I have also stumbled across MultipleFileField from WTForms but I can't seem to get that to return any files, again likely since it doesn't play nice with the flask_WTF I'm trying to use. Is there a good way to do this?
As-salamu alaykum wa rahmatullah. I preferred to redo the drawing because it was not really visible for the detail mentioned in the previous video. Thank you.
--
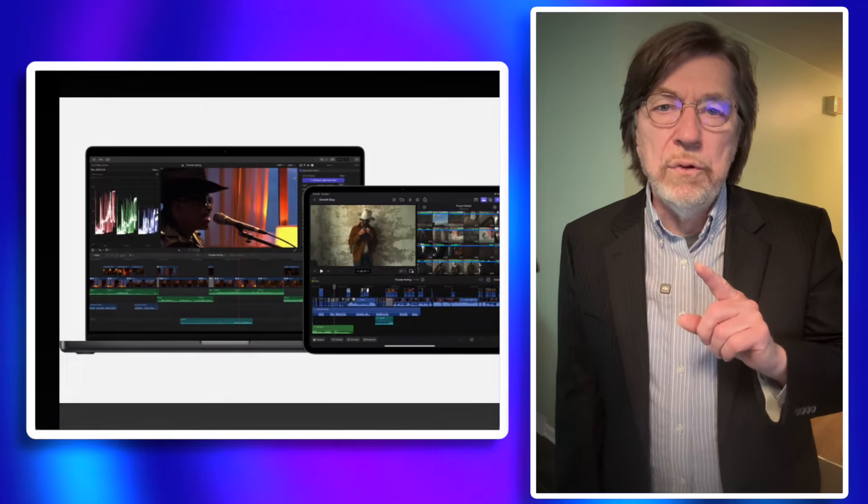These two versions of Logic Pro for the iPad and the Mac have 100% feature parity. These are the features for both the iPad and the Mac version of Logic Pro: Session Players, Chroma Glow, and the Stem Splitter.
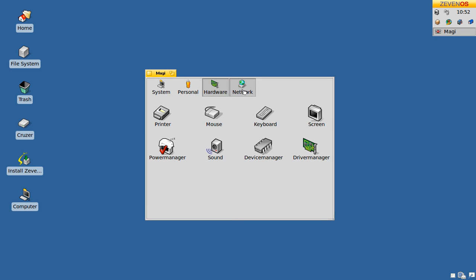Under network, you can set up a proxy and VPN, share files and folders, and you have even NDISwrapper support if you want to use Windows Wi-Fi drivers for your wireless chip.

ACTIVITY:
In the listing above, the lines from the one containing "I have also" through the one containing "As-salamu alaykum wa" must be set down exactly, with no other lines.

OUTPUT OF THE EXERCISE:
I have also stumbled across MultipleFileField from WTForms but I can't seem to get that to return any files, again likely since it doesn't play nice with the flask_WTF I'm trying to use. Is there a good way to do this?
As-salamu alaykum wa rahmatullah. I preferred to redo the drawing because it was not really visible for the detail mentioned in the previous video. Thank you.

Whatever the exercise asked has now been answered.